Young Indonesian researchers are reaping the benefits of collaboration with CIMMYT and at the same time helping farmers in their country.
It could be a biotech laboratory almost anywhere in the world, but this one is the Indonesian Center for Agriculture Biotechnology and Genetic Resources Research and Development in Bogor, Indonesia. What makes it remarkable is that just ten years ago Indonesia had virtually no agricultural biotechnology capacity at all. At the lab benches, in standard issue white lab coats, two of Indonesia’s brightest students, each with a strong commitment to helping their country, are doing the painstaking work that molecular biology requires and their PhD supervisors demand.

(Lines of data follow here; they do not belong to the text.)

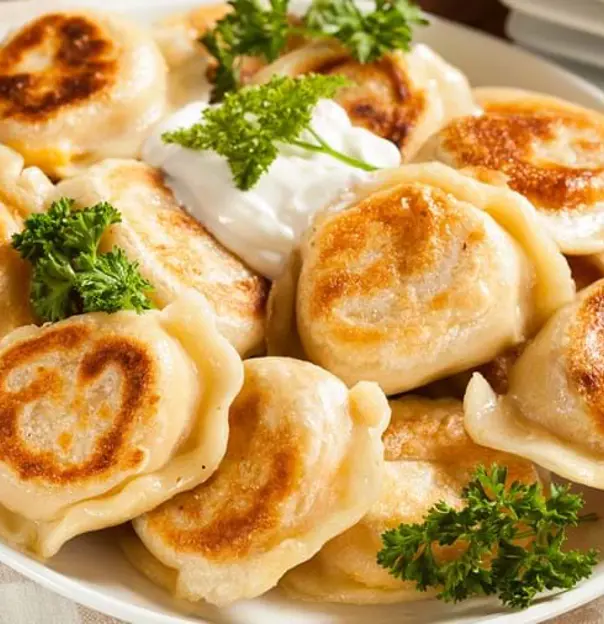 Gettyimages 486978329 Homemade Polish Pierogis With Sour Cream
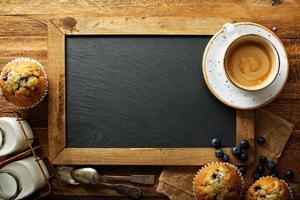 Freshly baked blueberry muffins in a rustic setting photo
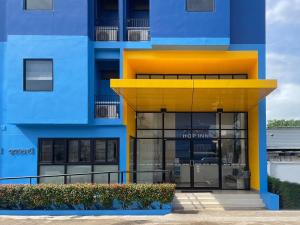un edificio azul y amarillo con puerta de cristal en Hop Inn Udonthani en Udon Thani
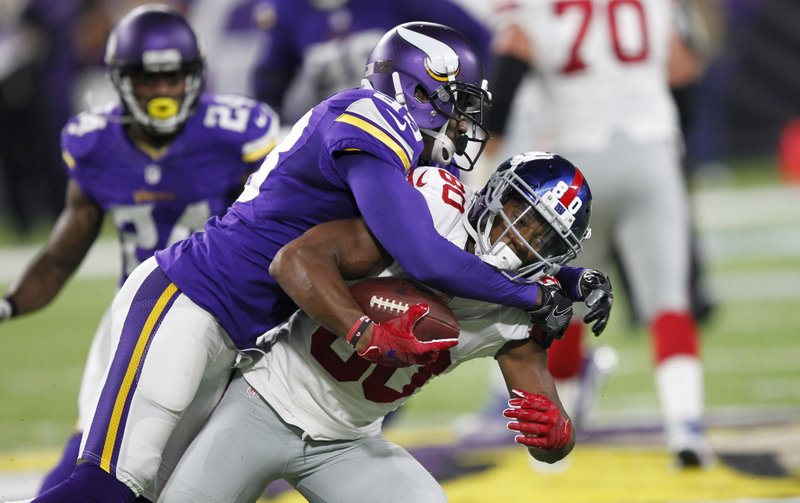 In this Oct. 3, 2016, file photo, Minnesota Vikings cornerback Terence Newman, left, tackles New York Giants wide receiver Victor Cruz during the first half of an NFL football game, in Minneapolis. Thirteen years after the Dallas Cowboys drafted Terence Newman, the old cornerback is still going strong for the Minnesota Vikings. His current team faces his original team on Thursday. 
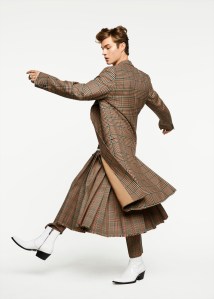 BurberryÕs cotton tank under Dries Van NotenÕs wool coat, merino sweatshirt, wool pants and skirt. Calvin Klein 205W39NYC boots, Established ring and Pyrrha rings.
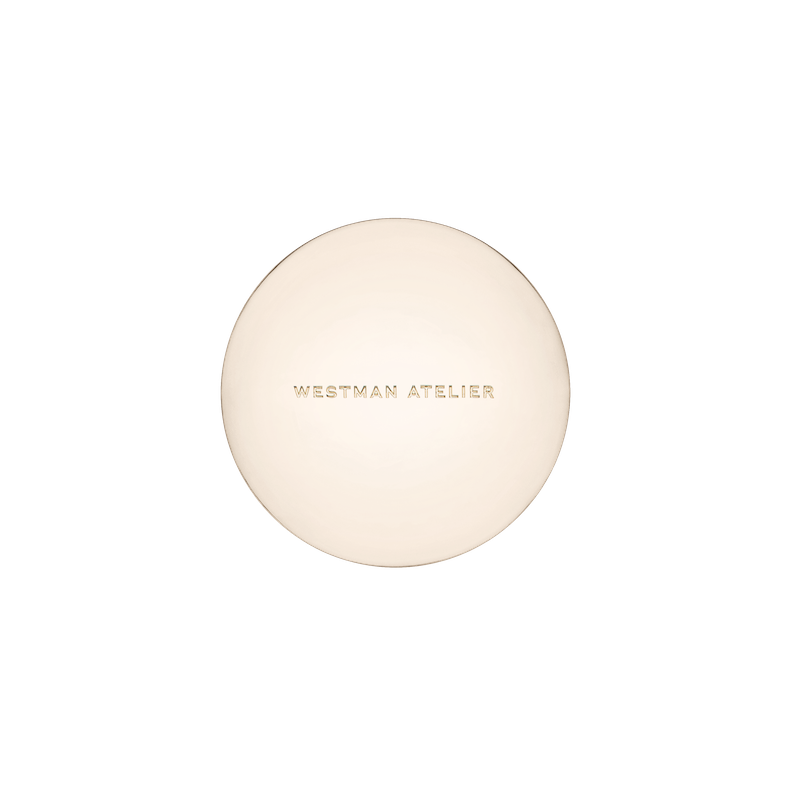 A glowing spherical object with the text "westman atelier" on it against a black background.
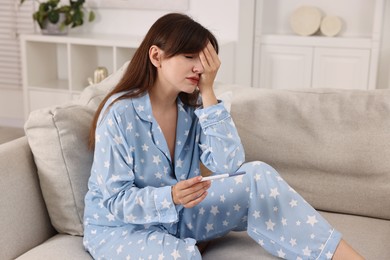 Photo of Worried young woman with pregnancy test on sofa at home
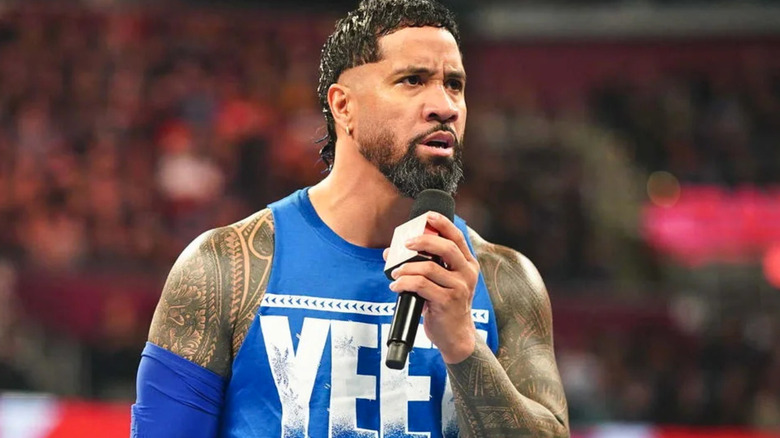 Jey Uso talking into a microphone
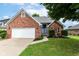 Beautiful single-story brick home with well-manicured lawn and two-car garage at 662 Leah Way, Greenwood, IN 46142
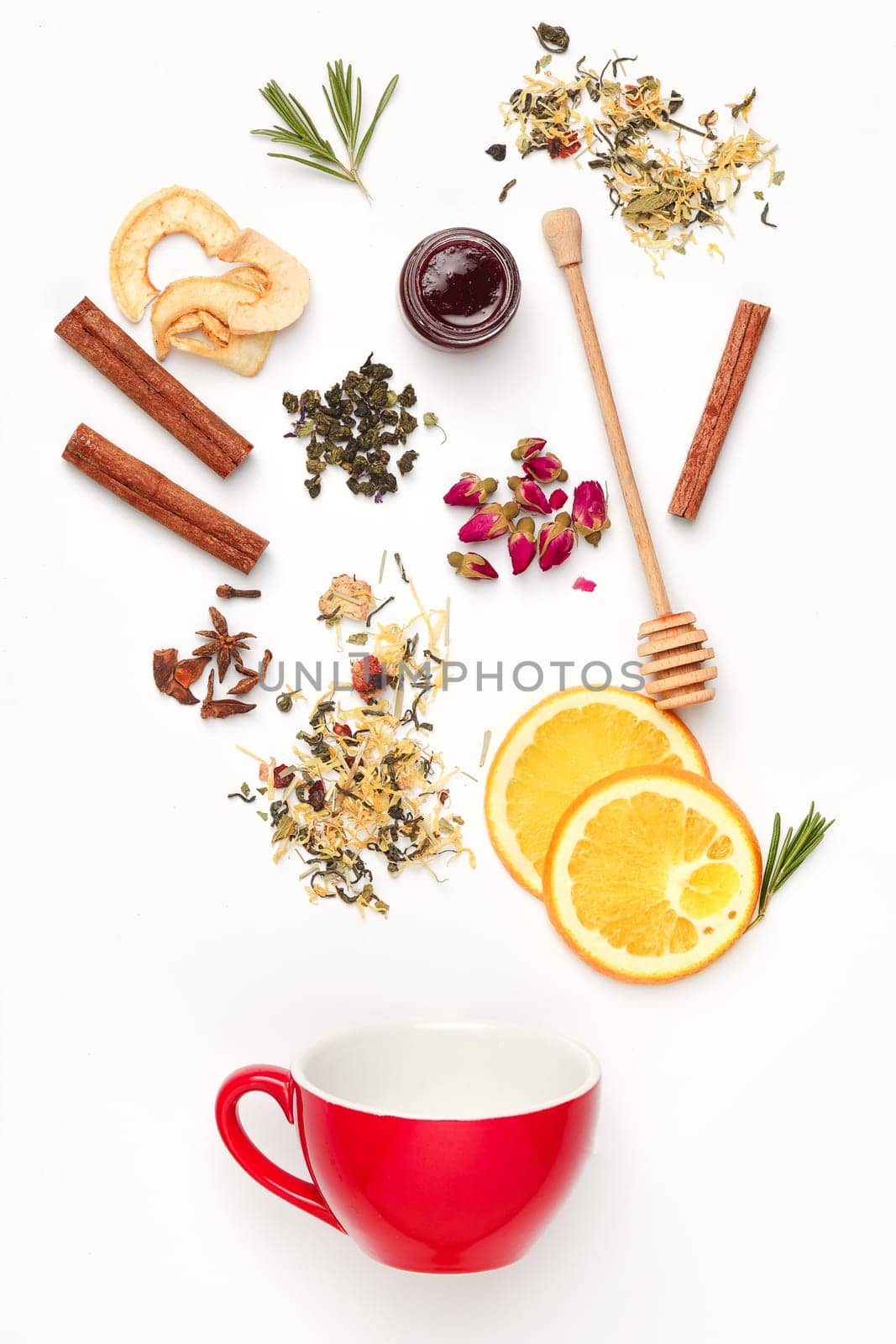 Beautiful and delicious dried tea leaves with herbs, flowers, berries, fruits falling in cup of tea over white background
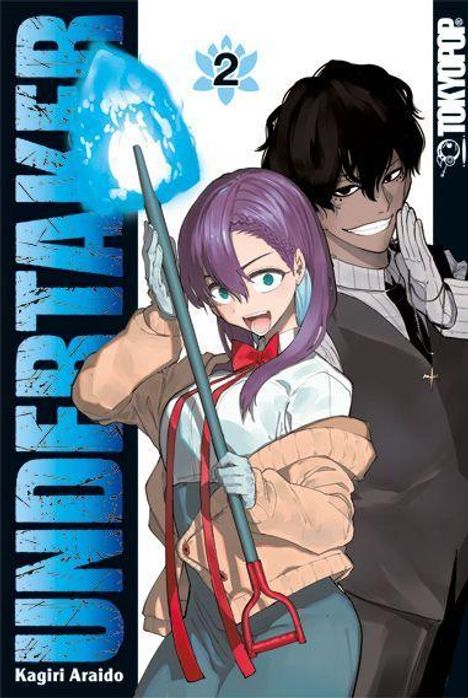 „UNDERTAKER“, „2“, „Kagiri Araido“. Zwei Personen, eine Frau mit Kehrschaufel lächelt, ein Mann steht dahinter.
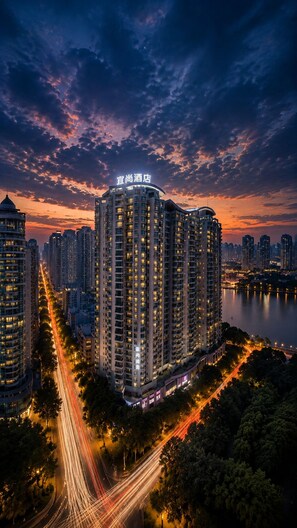 Un hôtel de grande hauteur, reconnaissable à son enseigne imposante, entouré d’un paysage urbain et bordé par un plan d’eau.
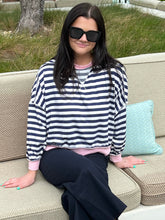 Woman wearing a striped sweater and sunglasses sitting on a couch outdoors.
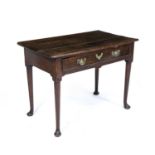 An 18th century oak side table with a single frieze drawer, brass swan neck handles, turned tapering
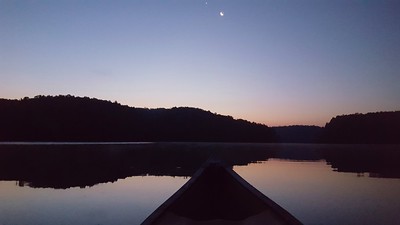 Nighttime canoe ride under the moon.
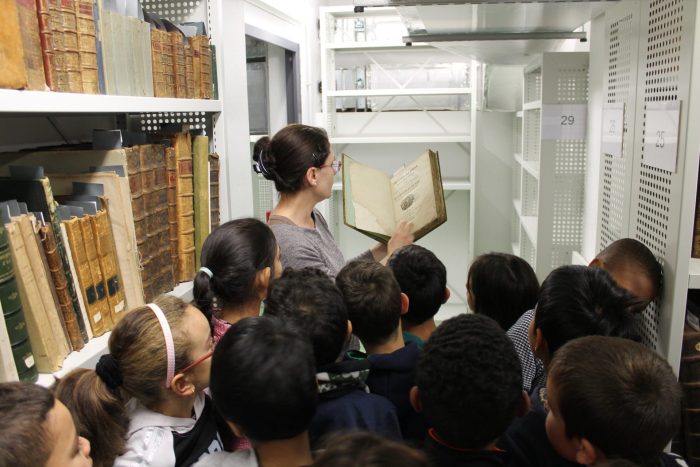 La responsable des archives montre un livre ancien aux enfants lors d’une visite scolaire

Marcia Pabendon is doing a maize diversity study, using DNA fingerprinting to identify maize germplasm from diverse sources to use as parents in a breeding program to find resistance for downy mildew and drought tolerance. These are the two most serious production constraints for maize in Indonesia, where half of all maize is grown in dry land areas. By analyzing the DNA she can be sure male and female parents in the breeding program are not closely related, which is detrimental to the hybrids.
Mohamed Azrai wants to convert local maize varieties into quality protein maize, maize with higher levels of the amino acids lysine and tryptophan, which occur at low levels in most maize and could result in protein deficiencies for anyone who relies heavily on maize in their diet. “I want my research to result in quality protein maize varieties that farmers will use,” he says. “Maybe quality protein maize can help solve the problem of protein malnutrition on my country.”
“This is the untold story of the quiet biotech revolution going on in maize breeding in Asia,” says CIMMYT’s Luz George. “It is a successful transfer of technology from CIMMYT to developing countries which has now found direct application in the work of national program maize breeders.”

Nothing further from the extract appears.